If you click on the odd little disc (tool?) icon at the right, just above the filter boxes, it will take you to even more tools such as straightening, brightness, contrast, warmth, etc . I would just open them up and start to play with them until you get a feeling for what each one does. You always have the option to cancel the changes by tapping the “X” button or to accept the changes by tapping the “Y” button.
My favorite button to play with is the vignette and the tilt shift button. I actually used the tilt shift on this photo in order to give it a bit of depth. Play around! Have some fun and always know that you can simply start over if you end up with something you aren’t happy with! Simply tap the back button!
Once you are done with your editing magic, tap the NEXT button on the top right hand side of the screen.
Your photo is done and now you are down to just adding your caption! Go ahead and tap within the box where the words, “Write a caption” are found and your keyboard will come up. Here’s where I love to add my little story (ok… sometimes it is a not-so-little story… but it is really for me and my kids so I’m writing about the object or the photo until I am happy with the story.) I have figured out that the posting looks easier to read if I don’t add any hashtags to clutter it up. Those can wait and be added as a comment after I have made my post. (I’ll quickly discuss hashtags at the bottom of this tutorial.)

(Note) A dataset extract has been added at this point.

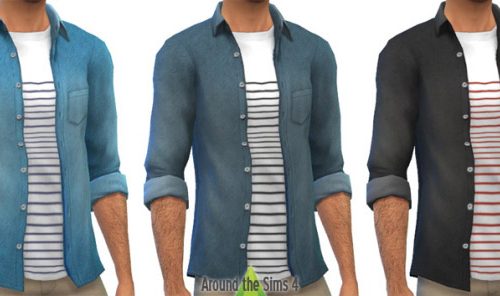 Shirts for males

Finished writing? Then simply tap the OK link at the top right-hand side of the screen and it will take you to the final staging area.
Aha! You have now made it to the point that you can tap the SHARE button at the bottom of the screen and it will post. Yay! To me, they all feel like little presents that I am sending off in the mail. And once you have shared the post, it will show up in your NewsFeed (the little home icon). You have the ability to add hashtags now as a comment.

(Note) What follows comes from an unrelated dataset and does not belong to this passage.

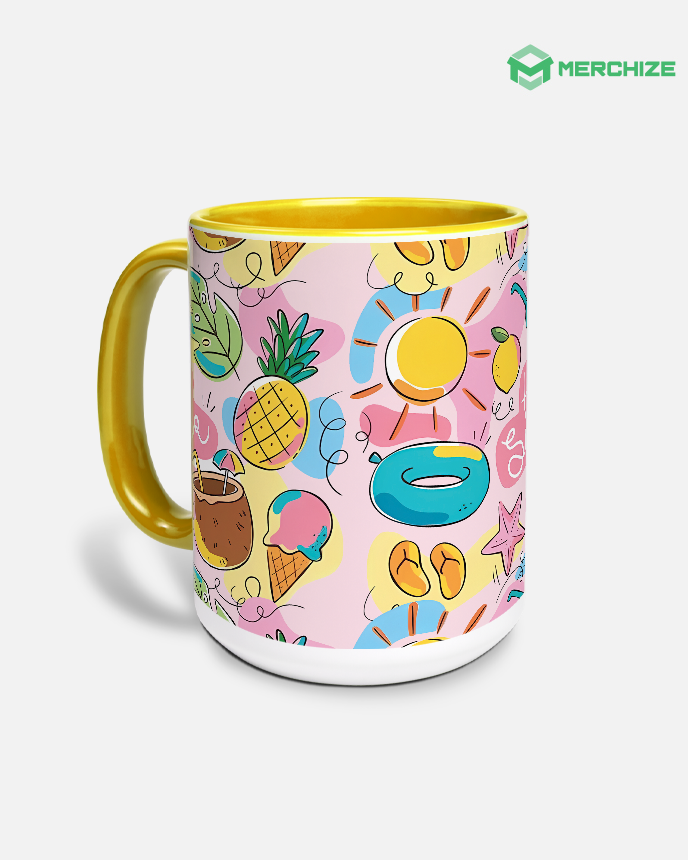 Accent Mug (15oz) (Made in US)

As hard as I try to be perfect, I always find a typo in my caption, so I have become very comfortable in using the Edit function! In order to edit the caption, tap on the ME icon (the head and shoulders) and you can now see all your own posts. Tap on the posting that you would like to edit and there will be three little horizontal lines at the bottom of the screen. Tap those lines and in the little pop-up menu, you will see the edit tool. Click on that and you can then make changes to your caption. It always feels good to know you have options, right?

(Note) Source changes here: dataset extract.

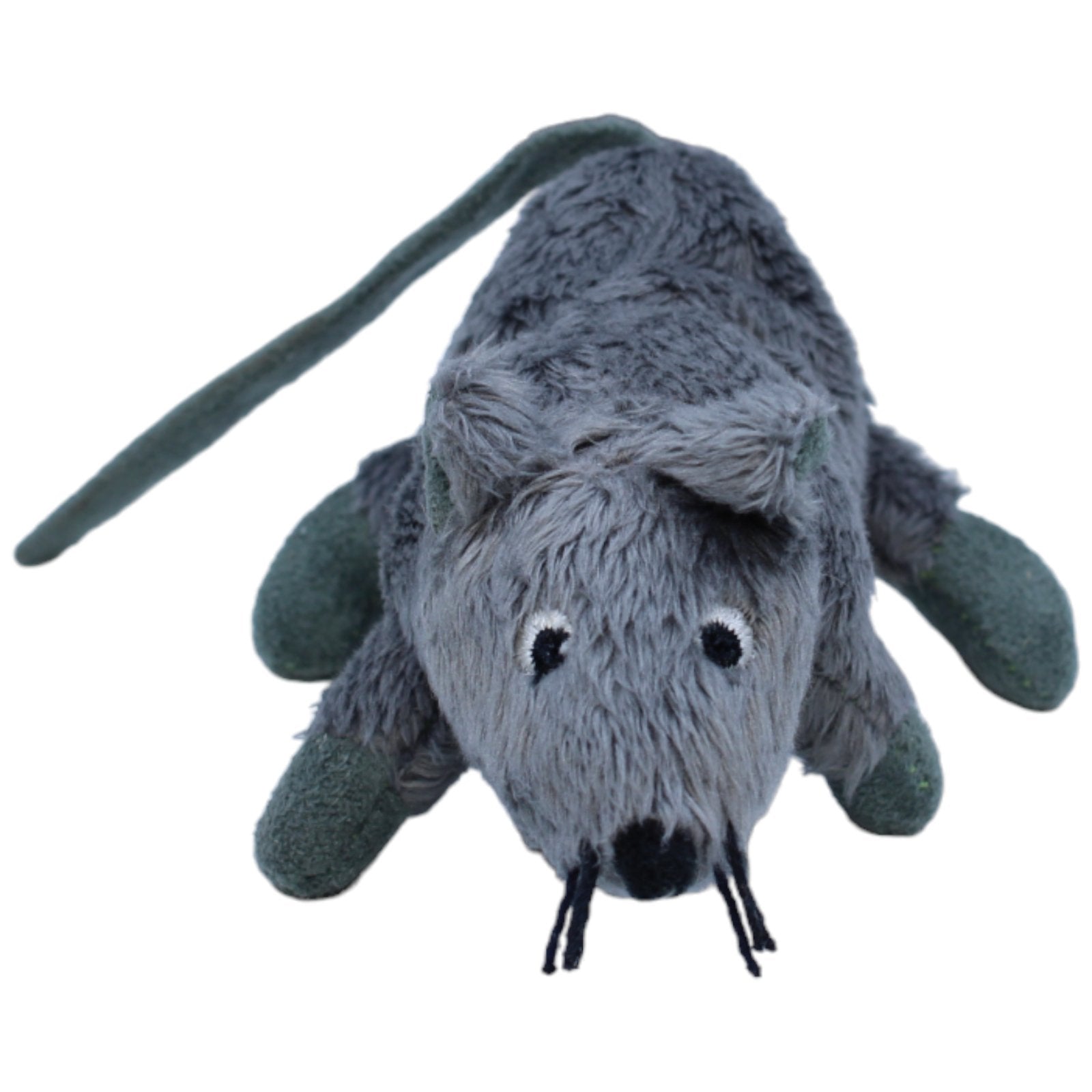 1231481 IKEA Maus grau, GOSIG MUS Kuscheltier Kumpel Leo Gebraucht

Now that you have your posting, let’s talk a bit about hashtags. They are everywhere but once you think of them as little tags or search tools, it will start to make perfect sense! With my postings, I want to add the person’s name that I am posting about. After I have made several using my mother’s name as a hashtag (full name,) then I can pull all the postings up at one time to look at everything posted about my mother.
Here is where is gets really powerful! If you are in contact with relatives and they begin to post their own photos or memorabilia to Instagram and you use the same hashtags, you can now pull up their postings and yours to look at the whole collection!
You can search on more general hashtags such as “#recipes” or “#family” to locate a world-wide conversation going on. And if you see something that interests you, I would click on that photo and look at the person’s profile to decide if you would like have them added to your news stream.
It is definitely a learning process to get comfortable with everything, but once you get to that point, then it is quite a bit of fun to look and see what others are posting!
One more thing… Once you have 60 postings, you can choose to have your Instagram printed off by a company called Chatbooks. It costs $6.00 per book and as you get 60 pages accumulated, they will print off each book. I am looking forward to getting to that number. My hope is that I can print off the captions as well as the photos and then have a book about our families that I can pass down to the children!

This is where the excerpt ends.